What is meant by the word constitution? If we take the standard phrase "the constitution of the United States of America," at a most obvious and literal level, it refers to the document which begins "We the people of the United States . . ." and is signed by George Washington and others. It, of course, also means the framework of laws which that document initiated. But at the same time, the phrase could be taken as the "making" of the United States of America—constitution as a process rather than as a result—the Constitution's signing and its subsequent interpretation and amendment being but part of that process. Equally, one might suggest that the United States of America is constituted—that is, is made up—of fifty states, 3.6 million square miles of territory, 264 million inhabitants, et cetera. Another would be to take the more medical sense—the "physical nature or character of the body in regard to healthiness, strength, vitality, etc." (Oxford English Dictionary). In other words, a diagnostic, a physician's report: an address on the state of the union. This alerts us to the plural sense of the word—legal, political, biological, and medical. 1 [End Page 125]

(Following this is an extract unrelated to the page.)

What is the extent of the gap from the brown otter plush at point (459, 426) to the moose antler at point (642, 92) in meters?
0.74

The word constitution, in this plural sense, plays an important role within Michel Foucault's work. This is particularly true in his 1975–1976 lecture course «Il faut défendre la société» ["Society must be defended," or perhaps "protected"], where he discusses the constitution of the state. In Foucault's work, the notions of the political and medical come together particularly in the concept bio-power, a term that relates both to the politics of constitution and the constitution of politics. 2 Given that bio-power is introduced in the final chapter of the first volume of The History of SexualityLa Volonté de savoir [The will to knowledge]—and that «Il faut défendre la société» is contemporaneous to this book, some interesting parallels can be drawn. Elsewhere I have argued that the most profitable way to read the lecture courses of the mid 1970s (of which only «Il faut défendre la société» and Les Anormaux [The abnormals] are so far published) is "as the most thorough treatment we are likely to get from what would have been in the originally planned set of volumes" of The History of Sexuality. 3 The most relevant of these to «Il faut défendre la société» is the projected sixth and final volume, Population et races (Population and races). Four themes, then—constitution, the state, population, and race—will shape the reading of this course.

One Chapter, Two Lectures

Foucault claimed in a 1977 interview that the final chapter of La Volonté de savoir was frequently neglected in the literature. It would not be wrong to claim the same is true today. Foucault suggested that though [End Page 126] the book was short, he suspected people did not reach the last chapter. "All the same," he remarked, "it is the foundation of the book." 4 In that final chapter, which Daniel Defert claims was the first part to be written, Foucault discusses race, the state, and the right of death and power over life. 5 The final lecture of «Il faut défendre la société» (delivered on 17 March 1976) covers many of the same themes as this chapter (the book was published at the end of 1976). 6 If in La Volonté de savoir the chapter seems somewhat odd, misplaced—which perhaps accounts for its relative neglect in the secondary literature—in «Il faut défendre la société» it is a much more logical conclusion. 7

While the last lecture of this course is familiar material, the first two [End Page 127] lectures are perhaps even better...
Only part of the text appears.